The cage nodes 22A-22N receive the information through the networks N1-Nn and NE whenever the position and direction of the cage change, and display it in the cage. When the target floor is registered by pressing the cage call registration switch provided in (42), it is registered in the exhalation nodes 23A-23N through the exhalation control networks N1-Nn. At this time, the cage call registration lamp is turned on, and then the cage call registration lamp is turned off when the cage arrives at the target floor and the passengers get off.

To this end, the input / output control unit 41A of the cage node 41 controls various input / output signals of the cage, that is, a cage call button and a lamp, a direction light, a current position signal of the cage, an cage open button and a lamp, a cage close button and a lamp. Etc., the network connection part 41B is connected to the exhalation nodes 23A-23N, and the calculation part 41C is responsible for exchanging and processing information between the input / output control part 41A and the network connection part 41B. do.

In FIG. 5, the exhalation node 51 is an example of any one of the exhalation nodes 23A-23N in FIG. 2, and the operation thereof is as follows.

If the call is assigned to any one of several units (25A-25N) by the military management, the corresponding unit operates toward the target floor by controlling the motor according to a preset operation sequence to service the call. If you start deceleration when approaching the target floor, the arrival forecast lamp will flash (flickering) to inform passengers waiting in the hall in advance that the cage is arriving. Open the door and pick up passengers.

When the passenger on board presses the cage call registration switch provided in the call registration panel 42 as described above, when the call is registered, the driving sequence is sequentially stopped for each registered target floor according to the direction of the current cage to get off the passengers. To control. At this time, monitoring of the cage call registration switch and control of the output lamp are performed in the cage nodes 22A-22N according to the commands of the exhalation nodes 23A-23N.

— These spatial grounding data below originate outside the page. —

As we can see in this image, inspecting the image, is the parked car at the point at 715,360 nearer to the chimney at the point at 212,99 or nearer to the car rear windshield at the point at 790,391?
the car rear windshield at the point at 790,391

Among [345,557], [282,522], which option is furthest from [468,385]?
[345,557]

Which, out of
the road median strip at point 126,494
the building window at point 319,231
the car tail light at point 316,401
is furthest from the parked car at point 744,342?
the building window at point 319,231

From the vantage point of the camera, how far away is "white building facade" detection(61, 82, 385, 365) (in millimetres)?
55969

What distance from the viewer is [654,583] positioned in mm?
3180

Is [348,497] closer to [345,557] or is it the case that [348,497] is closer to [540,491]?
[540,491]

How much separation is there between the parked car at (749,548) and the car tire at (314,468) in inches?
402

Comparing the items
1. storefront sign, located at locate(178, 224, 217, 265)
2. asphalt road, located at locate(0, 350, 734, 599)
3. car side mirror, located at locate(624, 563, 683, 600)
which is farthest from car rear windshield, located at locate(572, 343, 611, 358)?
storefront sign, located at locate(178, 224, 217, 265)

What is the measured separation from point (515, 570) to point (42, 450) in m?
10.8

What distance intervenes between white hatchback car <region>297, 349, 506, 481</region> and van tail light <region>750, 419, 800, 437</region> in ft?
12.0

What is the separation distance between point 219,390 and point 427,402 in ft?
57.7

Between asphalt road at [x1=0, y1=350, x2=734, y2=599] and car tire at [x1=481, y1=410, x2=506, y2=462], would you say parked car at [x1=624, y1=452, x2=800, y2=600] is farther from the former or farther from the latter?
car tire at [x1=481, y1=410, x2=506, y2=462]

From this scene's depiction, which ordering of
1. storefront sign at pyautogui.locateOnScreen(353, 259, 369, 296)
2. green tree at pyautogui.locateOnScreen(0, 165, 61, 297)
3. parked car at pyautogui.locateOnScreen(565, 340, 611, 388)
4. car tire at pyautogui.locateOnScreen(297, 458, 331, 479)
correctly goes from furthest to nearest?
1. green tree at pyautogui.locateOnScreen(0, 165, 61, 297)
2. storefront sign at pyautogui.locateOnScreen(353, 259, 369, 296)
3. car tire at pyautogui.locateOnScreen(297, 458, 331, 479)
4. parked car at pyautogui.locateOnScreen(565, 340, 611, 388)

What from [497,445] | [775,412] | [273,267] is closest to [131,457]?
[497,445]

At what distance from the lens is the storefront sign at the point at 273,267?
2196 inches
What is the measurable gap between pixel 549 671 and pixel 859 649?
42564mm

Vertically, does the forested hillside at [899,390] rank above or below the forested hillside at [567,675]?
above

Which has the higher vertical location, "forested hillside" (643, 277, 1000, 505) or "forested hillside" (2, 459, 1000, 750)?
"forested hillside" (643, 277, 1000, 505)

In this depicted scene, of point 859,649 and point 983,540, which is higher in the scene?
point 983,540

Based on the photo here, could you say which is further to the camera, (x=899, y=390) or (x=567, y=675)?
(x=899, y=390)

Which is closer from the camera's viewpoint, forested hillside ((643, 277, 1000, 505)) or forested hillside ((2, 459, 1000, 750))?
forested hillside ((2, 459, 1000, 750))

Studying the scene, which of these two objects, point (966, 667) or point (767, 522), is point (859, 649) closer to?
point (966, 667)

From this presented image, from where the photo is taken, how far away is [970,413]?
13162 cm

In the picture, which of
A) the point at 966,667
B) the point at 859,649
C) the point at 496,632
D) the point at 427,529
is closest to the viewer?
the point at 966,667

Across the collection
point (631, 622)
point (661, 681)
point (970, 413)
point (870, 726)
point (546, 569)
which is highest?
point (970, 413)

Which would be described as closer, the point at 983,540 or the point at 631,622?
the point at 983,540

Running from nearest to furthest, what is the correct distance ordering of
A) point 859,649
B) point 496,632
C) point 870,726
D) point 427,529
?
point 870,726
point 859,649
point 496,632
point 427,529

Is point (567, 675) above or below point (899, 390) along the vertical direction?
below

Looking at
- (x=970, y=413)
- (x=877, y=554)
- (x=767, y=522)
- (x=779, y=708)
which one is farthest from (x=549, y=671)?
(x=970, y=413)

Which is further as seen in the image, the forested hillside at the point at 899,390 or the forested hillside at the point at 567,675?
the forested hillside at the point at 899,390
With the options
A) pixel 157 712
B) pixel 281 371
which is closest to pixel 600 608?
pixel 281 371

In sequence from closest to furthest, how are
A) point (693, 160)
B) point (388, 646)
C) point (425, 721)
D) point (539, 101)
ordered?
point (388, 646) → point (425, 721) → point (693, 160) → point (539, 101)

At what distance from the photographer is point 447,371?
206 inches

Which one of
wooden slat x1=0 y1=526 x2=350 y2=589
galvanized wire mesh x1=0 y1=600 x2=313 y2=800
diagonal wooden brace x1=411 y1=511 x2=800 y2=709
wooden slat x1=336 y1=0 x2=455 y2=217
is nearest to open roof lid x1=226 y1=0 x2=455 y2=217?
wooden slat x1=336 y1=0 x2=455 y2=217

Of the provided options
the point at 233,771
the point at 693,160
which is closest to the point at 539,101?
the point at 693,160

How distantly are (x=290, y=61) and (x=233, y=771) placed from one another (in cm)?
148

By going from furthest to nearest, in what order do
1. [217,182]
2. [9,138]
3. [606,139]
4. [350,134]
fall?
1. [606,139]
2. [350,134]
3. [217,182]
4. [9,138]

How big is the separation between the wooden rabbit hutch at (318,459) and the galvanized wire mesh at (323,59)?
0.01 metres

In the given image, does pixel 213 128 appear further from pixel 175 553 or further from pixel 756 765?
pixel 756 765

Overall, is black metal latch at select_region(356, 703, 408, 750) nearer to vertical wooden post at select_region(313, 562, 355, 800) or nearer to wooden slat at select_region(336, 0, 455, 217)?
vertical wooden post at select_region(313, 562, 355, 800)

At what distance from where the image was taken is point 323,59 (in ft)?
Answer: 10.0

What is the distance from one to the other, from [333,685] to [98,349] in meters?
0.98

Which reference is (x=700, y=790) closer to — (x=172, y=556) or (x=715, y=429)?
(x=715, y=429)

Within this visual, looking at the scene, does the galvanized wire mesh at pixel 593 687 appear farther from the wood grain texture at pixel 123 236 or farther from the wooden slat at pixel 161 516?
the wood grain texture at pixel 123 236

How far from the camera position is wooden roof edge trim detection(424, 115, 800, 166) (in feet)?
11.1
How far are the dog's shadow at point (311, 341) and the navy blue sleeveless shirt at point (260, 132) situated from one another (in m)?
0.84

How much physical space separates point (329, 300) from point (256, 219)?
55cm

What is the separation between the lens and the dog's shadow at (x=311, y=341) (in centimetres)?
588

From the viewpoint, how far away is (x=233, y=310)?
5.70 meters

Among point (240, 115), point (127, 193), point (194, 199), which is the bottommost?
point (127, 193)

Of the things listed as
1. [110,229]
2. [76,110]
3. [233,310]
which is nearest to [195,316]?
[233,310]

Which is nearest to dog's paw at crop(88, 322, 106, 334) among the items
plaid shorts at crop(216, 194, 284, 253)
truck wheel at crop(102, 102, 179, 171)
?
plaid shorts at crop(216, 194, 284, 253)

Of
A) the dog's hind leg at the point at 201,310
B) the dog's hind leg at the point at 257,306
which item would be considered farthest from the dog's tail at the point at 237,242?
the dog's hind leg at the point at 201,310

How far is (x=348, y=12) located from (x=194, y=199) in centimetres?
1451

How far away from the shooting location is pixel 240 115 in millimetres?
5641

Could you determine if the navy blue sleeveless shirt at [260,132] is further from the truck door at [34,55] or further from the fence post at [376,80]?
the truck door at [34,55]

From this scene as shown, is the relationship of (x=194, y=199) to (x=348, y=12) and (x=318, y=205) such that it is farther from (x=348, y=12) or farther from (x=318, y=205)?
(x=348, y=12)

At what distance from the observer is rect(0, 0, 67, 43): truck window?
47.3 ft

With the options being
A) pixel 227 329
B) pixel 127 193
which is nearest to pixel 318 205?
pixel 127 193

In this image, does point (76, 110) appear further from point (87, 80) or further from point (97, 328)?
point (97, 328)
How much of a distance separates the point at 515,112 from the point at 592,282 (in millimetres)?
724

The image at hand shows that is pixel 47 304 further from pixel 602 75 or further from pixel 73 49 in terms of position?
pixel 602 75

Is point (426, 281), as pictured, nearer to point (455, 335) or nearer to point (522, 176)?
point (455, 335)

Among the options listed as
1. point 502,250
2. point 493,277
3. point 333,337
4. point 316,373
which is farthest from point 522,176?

To this end, the network connection part 51A of the exhalation node 51 connects the cage nodes 22A-22N controlled by the exhalation nodes 23A-23N and the hole nodes 21A-21N of each layer to the exhalation control network N1-Nn. And the operation unit 51B requests various operations and input / output according to the operation sequence of the cage, and the parallel input / output control unit 51C controls the driving of the motor to move the cage up and down and the door to open and close the door. Controlling the relay input and output of the power supply and safety system, the network connection unit 51D transmits the current cage status and holes and cage calls to the military management node (24).

6 is a view showing the internal configuration of the military management node 24 in FIG. 2, the operation of which is as follows.

When the passengers waiting on each floor press the hall call switch (Ei) to register, the military management control unit 26 provides information on the currently registered hall call, cage call, and the current operating status of each unit (N1-Nn). It is input through (NE), evaluates the waiting time and energy efficiency by considering them comprehensively, and then selects the optimal one among several units based on this and assigns it to the hall call and assigns it to the network (N1-Nn), (NE) informs the unit.

To this end, the network connection 61A of the military management node 24 periodically checks the position of the current cage, the preceding floor, the opening / closing state of the door and the presence of failure, and the state of the hall and cage call from each unit. Receives the contents reported through the military management network (NE) and comprehensively judges them to perform the function of instructing the optimum cage to service the calling, and the calculating unit 61B selects the optimal breath as described above. To perform various operations to assign to the calling.

On the other hand, Figure 7 is a block diagram showing another embodiment for achieving the object of the present invention, each node, that is, the hole nodes (71A-71N), exhalation nodes (72A-72N), cage nodes (73A-73N) The unique function of is the same as in Fig. 2, but the difference is that by integrating the hole nodes separated for each unit, only a series of hole nodes (71A-71N) are installed in each floor to manage all the input and output of each floor. In addition, the hole nodes 71A-71N on each floor were directly connected to the military management network to improve economic efficiency.

In addition, in order to prevent the failure of the cage or the failure of the exhalation control network affecting the entire network of military management, the exhalation subnetwork 76A-76N and the hole subnetwork 77 are connected through the routers 74A-74N. By connecting, exchange of information between them is possible, but the two networks are electrically separated completely.

8 shows the configuration of the routers 74A-74N. As shown in FIG. 8, each of the exhalation sub-networks 76A-76N is provided through the CPUs 81 and 82 and the microprocessor interface INT. To be connected.

In addition, Figure 9 shows another embodiment of the present invention, unlike in Figure 2 by integrating the hole nodes that are separated for each unit by installing only a series of hole nodes (91A-91N) in each layer of each layer The economy was improved by controlling both input and output.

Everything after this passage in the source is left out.